Grumpy's right, in that you're mixing voltage and current. Think of a road going up a hill. If you pour water into the road at the top of the hill (the 8VDC jack), current flows down the whole hill. If you pour water into the road at a lower point (the 5VDC pin), then the upper hill stays dry and the rest of the hill below your bucket will have current flowing. Whether it's your water or the city's water is besides the point.

ok. I wasn't mixing up current and voltag,e I guess I was mixing up conventional current and.. normal? current.

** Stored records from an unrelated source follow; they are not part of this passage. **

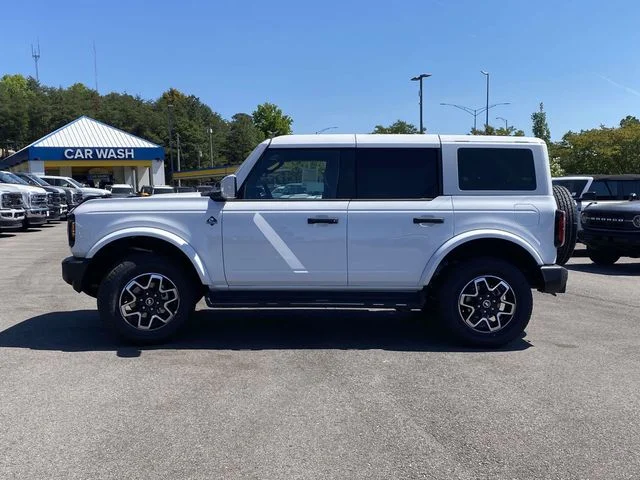 New 2026 White Ford Outer Banks image 6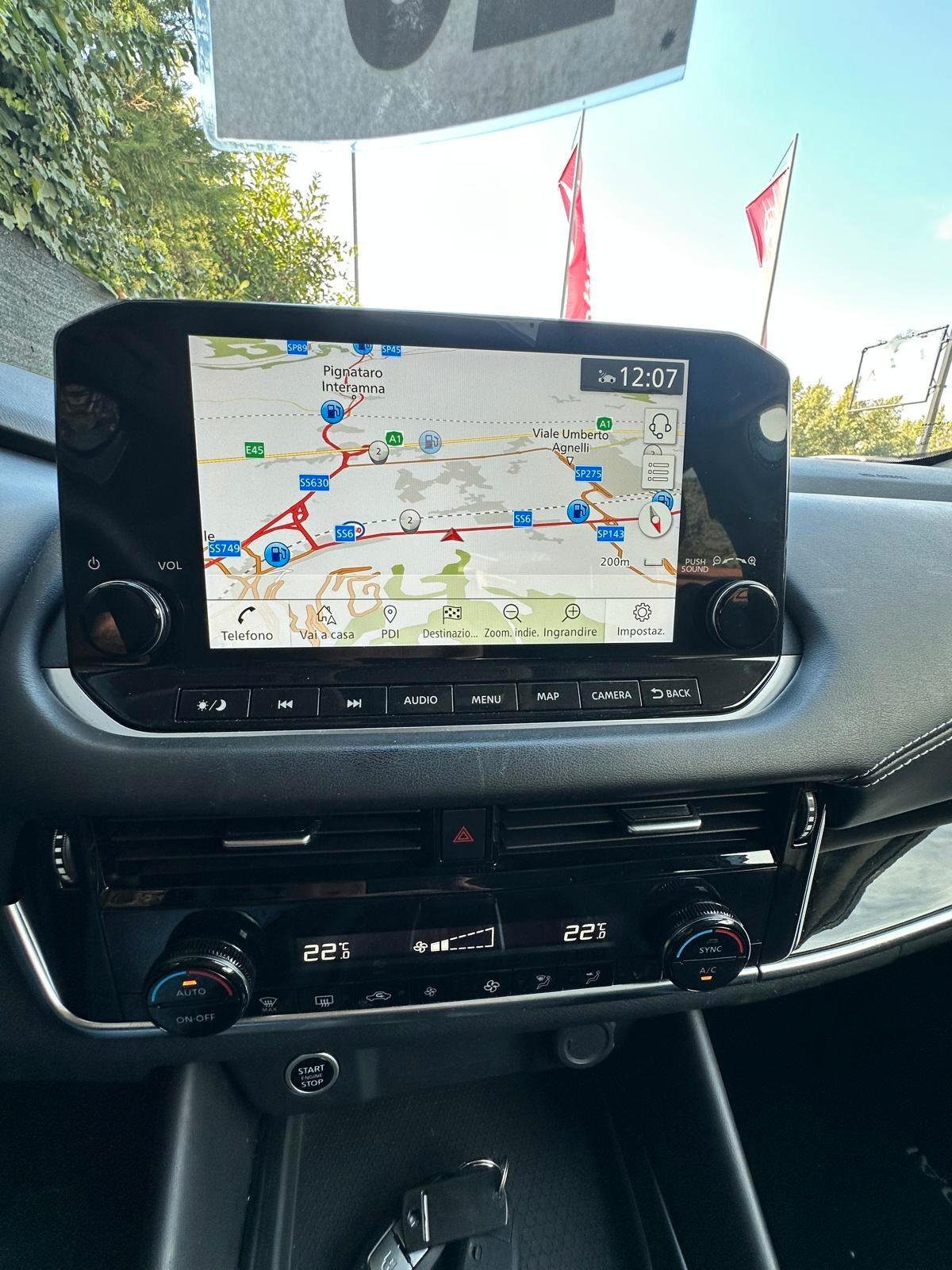 Nissan Qashqai MHEV 158 CV Xtronic N-Style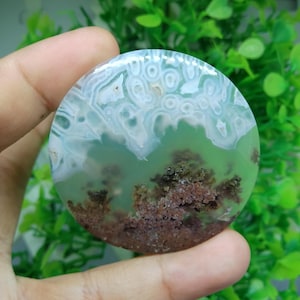 Moss agate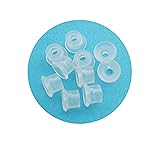 SICOLAS 10 pcs VP Series Silicone Robotic Arm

So if I have a voltmeter and I check it across two pins, say pin A and B, black on pin B and red on pin A and the voltmeter reads 5V, does that mean I connect B to arduino's gnd and A to arduino's +5?

I guess I was mixing up conventional current and.. normal? current.

Conventional current flows from positive to negative. Electron flow goes from negative to positive. But it is all still a flow, voltage is a force like pressure, current is a flow like water.

and the voltmeter reads 5V

Assuming the +ve lead of the voltmeter is on A and the negative on B then yes.

Yeah ok that's what I meant by red/black. Thanks, I just need to learn to completely ignore electron flow.

ok question.

I don't have a multimeter but I know that this thing won't pump out more than 5 v (so it's safe for my device)

I connected analog pin 5 to a pulldown 10k, then a wire to touch around. here's what I'm running.

#define IN_PIN  5
int val;
void setup() {
  Serial.begin(9600); 
}

void loop() {
  val = analogRead(IN_PIN);    // read the value from the sensor
  Serial.println(val);
  delay(200);
}

it sits at 0, and I start touching it to terminals on the controller I want to interface to. One side of the button I get a reading of ~550 which I presume is 2.5V since 5V is 1023. Other side I get 0. Does that mean if I were to connect 2.5V to the ground side of the switch it's as if I pressed the button, or do I need to take other things into consideration?

also, with a 5v source how can I bring it down to about 2.5 volts to set off this button. I am guessing I would need ot know the resistance of whatever this terminal connects to and put in an appropriate (i.e. matching) resistor so half the voltage drop is on this resister. is this correct?

Thanks

oh I guess I would use a voltage divider. It's been a while since I took a circuits class...

does this look right?

if I have 5in and want 2 out I need 2 resisters in series, 5 v to ground. then between the two I'll solder a wire for Vout, which should match the voltage drop for each resistor. I also think I want a higher resistance resistor for both to lower power consumption.